This is what misgendering feels like

September 20, 2011 § 9 Comments

Not the deliberate, abusive misgendering from people trying to hurt. Nor the genuine confusion of someone acting kindly, but from ignorance. There’s a sweet, older security guard at the BL who calls me ‘miss’ and it doesn’t sting so much as makes me a little wistful, and a little sad – because he reminds me of my Abba, and I kind of want to ask him for a hug. Nor is it someone I’ve only just met trying their best, getting it wrong and then correcting themselves. My appearance is ambiguous – there are lots of women out there who look more stereotypically masculine than I do, and more power to them.

 

The type that hurts the most, for me, is the type that comes from people who you already feel somewhat safe around. The people who love you – friends, family – or the people you work with in an environment of respect and supposed trust. And this is difficult to write, because it’s always hardest to call out the people we love, the people who love us. Particularly when we know that we rely on them for support and understanding – sometimes these people can be our fiercest allies. But still – they slip. And the reasoning is always ‘it’s a hard habit to break – I didn’t mean it.’ But this is what it feels like.

 

It feels as though I’m not worth the time it takes to memorise a new pronoun (what, 20 mins of standing in front of a mirror and repeating “Name/pronoun” over and over again). It feels like you’re humouring me, when you say that you understand me – where can those words come from, if you say you know they don’t apply to me? It feels like a gulf has opened us between us – because, instead of seeing me as I am, you see me as the majority of the world sees me. And the relationship you have, therefore, is not with me, but with that person – who is nothing more than a mirage. It feels, to be frank, like having the wind knocked out of you. And when it’s followed by ‘you know I didn’t mean it’ – why keep repeating something you don’t mean?

 

I already want to apologise for writing this – but I hope that, if cis people know how it feels, they might better school themselves in how to get it right.
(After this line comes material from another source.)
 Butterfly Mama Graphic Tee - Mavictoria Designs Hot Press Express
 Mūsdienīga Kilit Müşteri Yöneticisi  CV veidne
§ 9 Responses to This is what misgendering feels like

  • Matt says:

    Don’t apologise for writing this, it needed to be said

  • I’m not sure I’ve ever asked you what pronoun you prefer. I tend to say ‘sie’ and ‘hir’ for non-binary people. Is that okay in your case?

    Reading the most recent Daily Mail blog piece to come my way (the one that argues, from a position of ignorance, that intersex children should be surgically normalised at birth) I was struck by the reappearance of that old familiar meme which says that anybody whose gender doesn’t fit with traditional expectations must be confused, the way bisexual people are assumed to be confused. I think this is particularly problematic when it comes to non-binary people. It’s ironic because it is usually our certainty about ourselves – and our awareness that other people are getting it wrong – that is what hurts.

    • cnlester says:

      ‘sie’ and ‘hir’ is fine – I tent to find that ‘they’ rolls off the tongue a little easier, and I can live with ‘he’ – but non-binary is better.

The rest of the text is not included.